Jueves, 15 de septiembre de 2011 | Hoy
Por Jorge Isaías
Los chicos se alejaron del pueblo llevando sus tramperas en la mano derecha, las hondas al cuello y cruzado por un tirador sobre sus pechos un bolsito de género con sus vitualles de comer, alguna botella con agua y los terribles "recortes" hechos de alambres de hierro aptos para usar como proyectiles.
Cuando iniciaron el avance hacia el campo iban más presurosos, por la ansiedad de alcanzar los bañados más cercanos y aprovechar el tiempo para preparar sus tramperas o tal vez porque en esta oportunidad no habían tenido la venia paterna y esta incursión se hacía a hurtadillas, con la asunción que tal responsabilidad acarrearía a sus pequeñas humanidades.
A medida que ganaban el campo se iban alejando del pueblo, más bien un caserío desflecado que no tenía rutas ni más medio de locomoción para comunicarse con otras localidades que un tren diurno de ida y vuelta RosarioRío Cuarto y esos caminos de tierra anchos y mal cuidados, que a cada lluvia producían el aislamiento por semanas, caminos que en buen romance eran mal aprovechados gran parte del año, en especial en las épocas de otoño e invierno donde los temporales los hacían realmente intransitables.
Ese día la intención de esta barrita entusiasta sería cazar algunos ejemplares de pechitos colorados, o jilgueros, o los hermosísimos chilenos o paraguayitos para engrosar la población que moraba en esos grandes jaulones que metían ruido bajo la sombra de los ceibos añosos.

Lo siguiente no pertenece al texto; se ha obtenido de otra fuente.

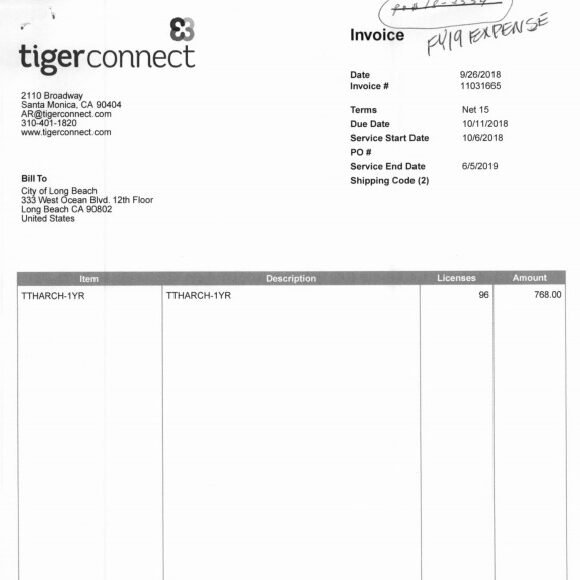 Long Beach Police Department Invoices and Purchase orders for 1 year of Hosted Archiving of TigerText data purchased by the LBPD in late 2018 after they had already stopped using TigerText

Tal vez ese día los esperara una bandada de chorlitos, tan mansos, tan tontos para hacer puntería con ellos, aunque su carne no merecía ser comida, y sus cadáveres quedaban para pasto de hormigas.
Lo cierto es que recién cuando se hubieron topado con el final del "Camino del Diablo", en el cruce de la capillita de la familia Cinel divisaron los espejos de agua, con sus orillas festoneadas de juncos y espadañas, sus nidos de "alas de araña" y de "bichofeos" que los esperaban con sus huevitos espesos, prontos a ser perforados con un alambre y ser bebidos así, en crudo como corresponde a los niños que serán hombres fuertes y templados en esa pelea desigual con la vida.
A medida que se van acercando a esos grandes bañados que por comodidad llaman "lagunas", descubren que toda esa población de aves que merodean sus orillas comienza a levantar vuelo con asombro, curiosidad y un poco de precaución, la que tienen siempre los animales salvajes.
La que dio la alarma fue esa bandada de cigüeñas, que hundía sus picos zancudos buscando pececillos minúsculos y de pronto avisada por el instinto levantó vuelo al unísono casi vertical y llenó el cielo de grandes sábanas blancas cubriendo la quietud de noviembre. El griterío que había sido tímido al principio explotó por el aire con el vigor de una máquina que se descompone y estalla.
Los pueblos de llanura como éste son todos calcados, y en aquel tiempo remoto que se trata de resaltar, las ilusiones eran una desmesura que cubría como una nube flotante de acciones módica de todas las vidas.
Decir que todo era más simple es redundar en una notoria verdad, y la diferencia con las gentes que poblaban las grandes ciudades era a simple vista sideral. Nada de las comodidades de hoy existía en ningún pueblo de entonces.
Sin exagerar podríamos asegurar que estos chicos que son mirados a la distancia cuando hay tiempo y ausencia en el medio, vivían en un cuasi abandono inicial. Aunque las travesuras estaban siempre presentes nunca pasaban de lo que hoy sería tildado de ingenuidad, porque los padres de entonces eran severos hasta la temeridad, con un autoritarismo tan exigente que no era óptimo a veces para usar con esos niños sino con algún pelotón de hombres haciendo fajina en un regimiento. Entonces esta estampa tan antigua no deja de tener una emoción al grato recuerdo.
Apenas entrecerramos los ojos y los veremos volver con sus bolsitos vacíos, sus tramperas repletas de pájaros, y una despreocupación que no resaltaba cuando todos iban hacia los bañados en busca de aves.
También traían algunos patos pequeños y hasta una perdiz colgados de la cintura que aseguraba un piolín grueso. Fruto orgulloso de sus terribles gomeras. Carne que iría con seguridad a engrosar la olla con el guiso que la madre prepararía esa noche y que tal vez mitigara el reto por haber eludido pedir permiso para esta incursión de caza que había surgido otra vez con la espontaneidad que contemple la hora de la siesta, cuando los mayores duermen, y el cielo es más alto y el sol cae más a plomo que nunca sobre la quietud de los campos, cruzando esos callejones vacíos que solo es hollado por el paso presurosos de las iguanas soñolientas, los hurones rápidos y los más tontos cuises que vieron todos los tiempos.